According to Steven Kronowitz, M.D., F.A.C.S. of the M.D. Anderson Cancer Center, deciding on reconstruction timing for women diagnosed with stage I or stage II breast cancer is the most difficult.
"As a surgeon, you don't know if radiation is going to be necessary or not until after the cancer and the lymph nodes are analyzed," he said. "In my practice, all women diagnosed with stage I or stage II cancers are evaluated by a multidisciplinary breast cancer team that includes a radiation oncologist. If it's determined that the patient probably needs radiation therapy, we recommend delayed-immediate reconstruction rather than immediate reconstruction."
Women diagnosed with stage III or stage IV cancers almost always need radiation therapy or other treatments after mastectomy because of the size of the cancer or the number of lymph nodes involved. In this case, most doctors recommend delaying reconstruction until all other breast cancer treatments are completed for several reasons:
- reconstruction may require extra healing time that could delay radiation and chemotherapy
- the risk of the cancer coming back (recurrence) is higher with stage III or stage IV cancers; reconstruction can make it harder to detect recurrence
If you're unsure which breast cancer stage applies to your situation, ask your doctor. You also may want to visit the Stages of Breast Cancer page.

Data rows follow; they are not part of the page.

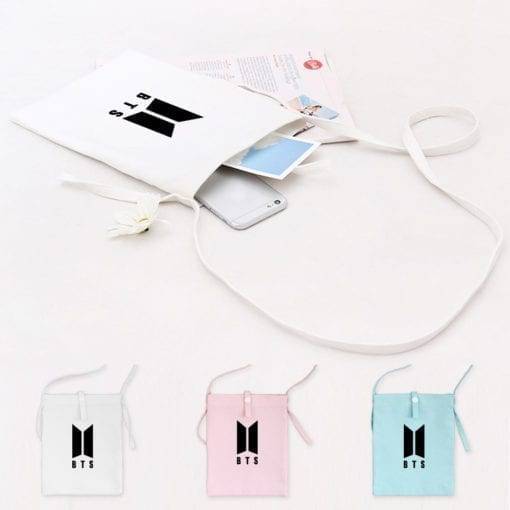 BTS small bags gift new arrive Handbags & Wallets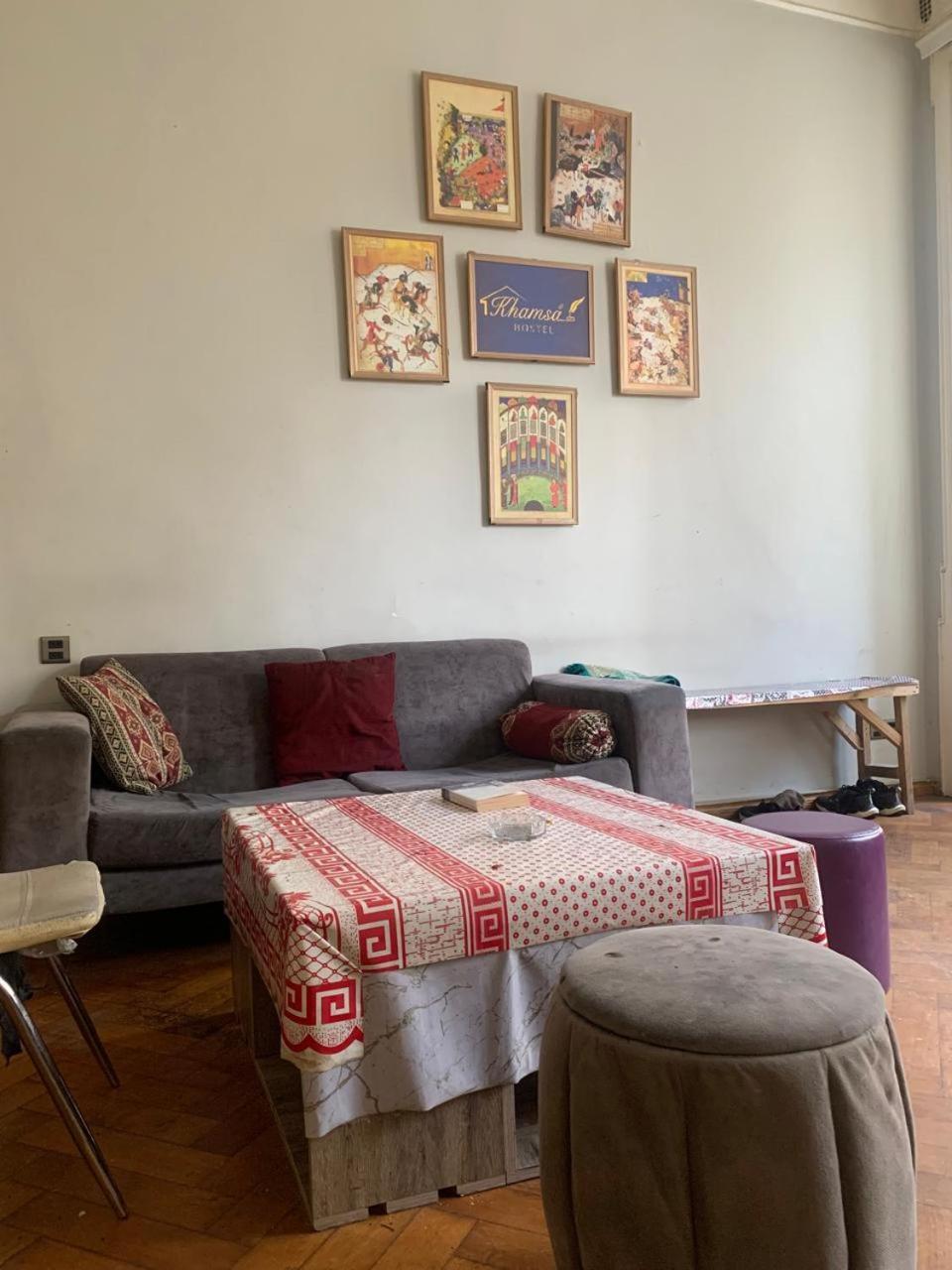 Khamsa Hostel Baku Rum bild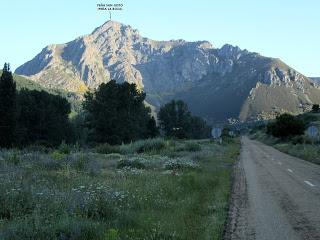Cofiñal-El Xerru les Planes-El Porrón de Cerrosa-Busumerón-El Páramo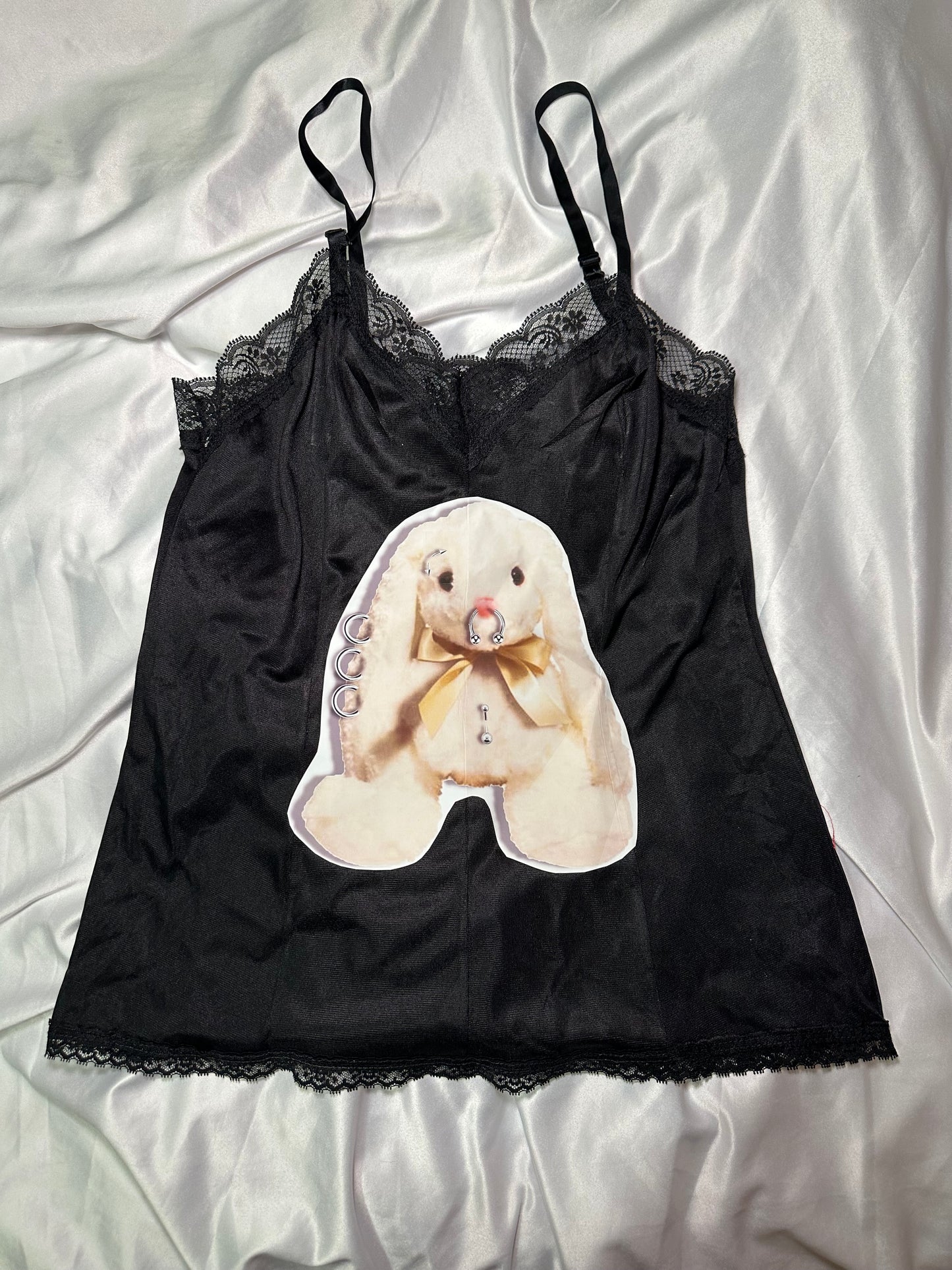 Bunny Slip Top (S)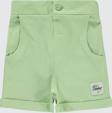 Civil Baby Erkek Bebek Şort 6-18 Ay Soft Yeşil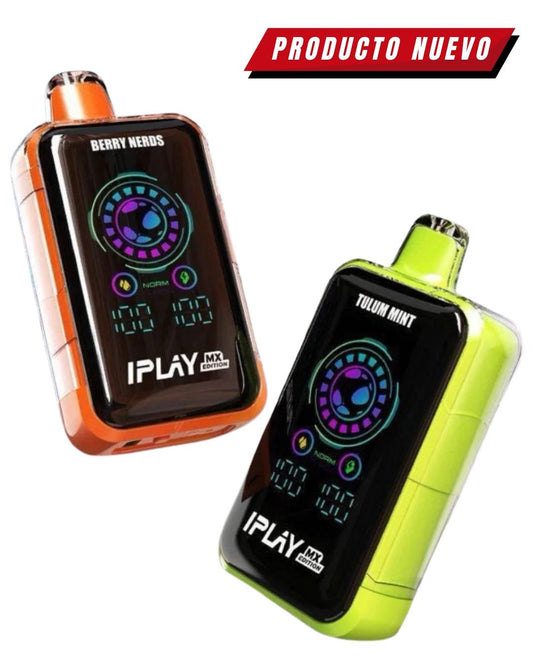 IPLAY BURST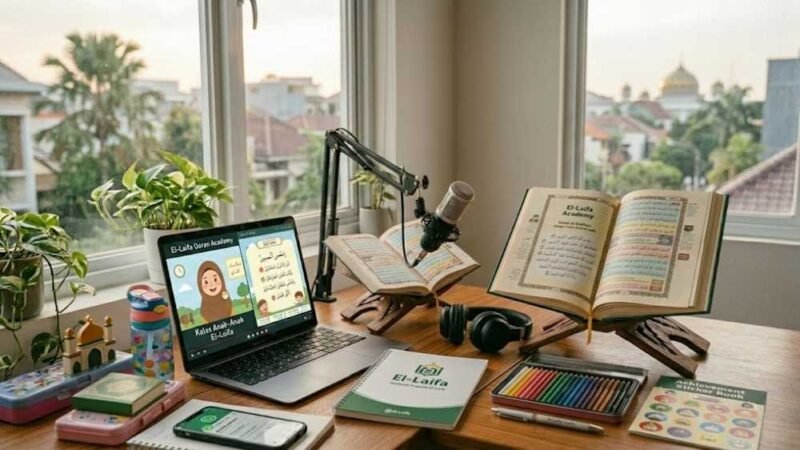 El-Laifa Qur’an Academy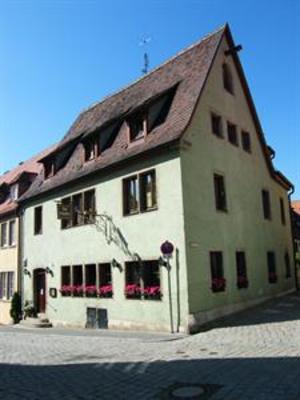 фото отеля Pension Hofmann-Schmölzer Rothenburg ob der Tauber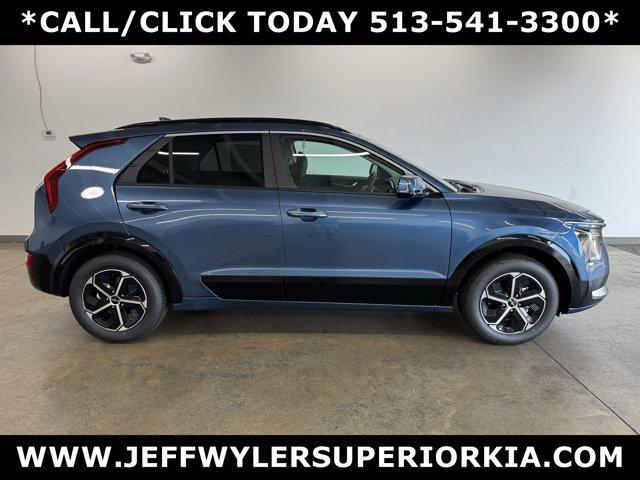 new 2025 Kia Niro car, priced at $33,669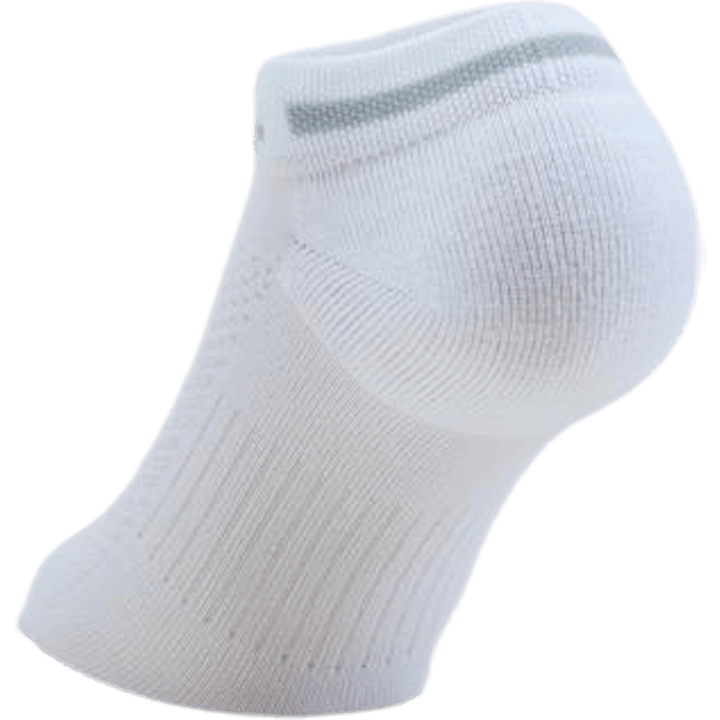 Core Dry Shatfless Sock 3-Pack White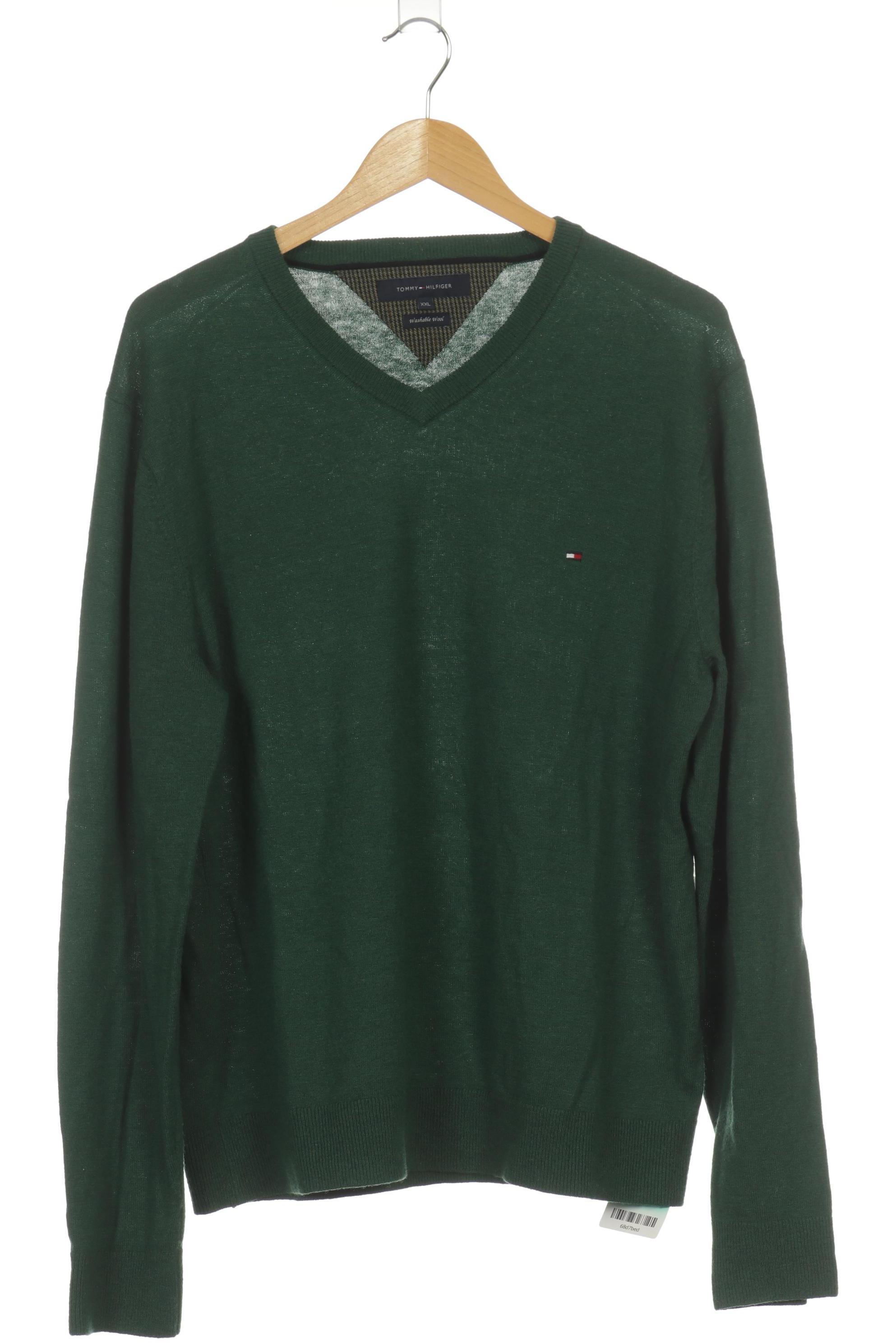 

Tommy Hilfiger Herren Pullover, grün, Gr.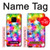 S3292 Colourful Disco Star Case Cover Custodia per Huawei Mate 20 Pro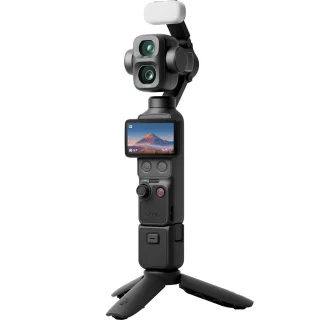 DJI Osmo Pocket 4P Vlog Combo -videokamera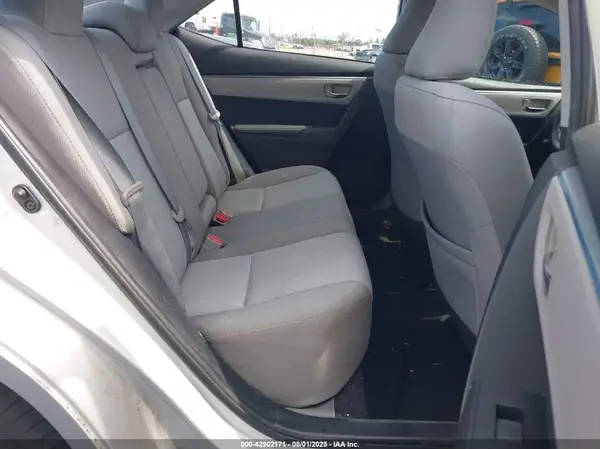 2T1BURHE0GC683786 2016 TOYOTA COROLLA - Image 8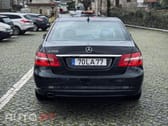 Mercedes-Benz E 250 CDi Avantgarde BlueEfficiency
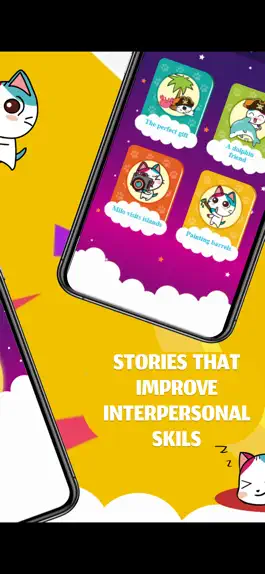 Game screenshot Kids Stories - Bedtime Books apk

The facilities available in your area: If you want immediate reconstruction using your own tissue (autologous reconstruction), you'll need two surgeons with credentials and operating privileges in the same hospital who can work together: a breast cancer surgeon to do the mastectomy and a plastic surgeon who is experienced in breast reconstruction using microsurgery.
Also, because the delayed-immediate approach is relatively new and somewhat more involved than either immediate or delayed reconstruction timing, this option isn't available everywhere yet. Cancer centers in large cities and cancer centers affiliated with universities are more likely to have surgeons experienced with this approach. If you feel strongly about a certain timing approach, you may need to advocate for yourself and talk to several breast surgeons. Talk to your oncologist about the best timing options for your unique situation and the surgeons available in your area.
Your decision-making style: Getting a breast cancer diagnosis can be a frightening, stressful experience. Making decisions about mastectomy or lumpectomy and other treatments can leave you emotionally drained. The thought of making even more decisions about the type of reconstruction to have and when to have it might be more than you want to do. In most cases, it's perfectly fine to wait until after breast cancer surgery to make your reconstruction choices. Tell your doctor why you'd like to wait and ask if there are any reasons why you shouldn't.
Your overall health: If you have diabetes, circulatory problems, or a bleeding disorder, your doctor may want you to completely recover from mastectomy before you have reconstruction, so you may need more time between mastectomy and reconstruction. Heavy smoking can affect your ability to heal and your doctor may require that you quit smoking 2 or more months before reconstruction surgery so that your body has a better ablity to heal.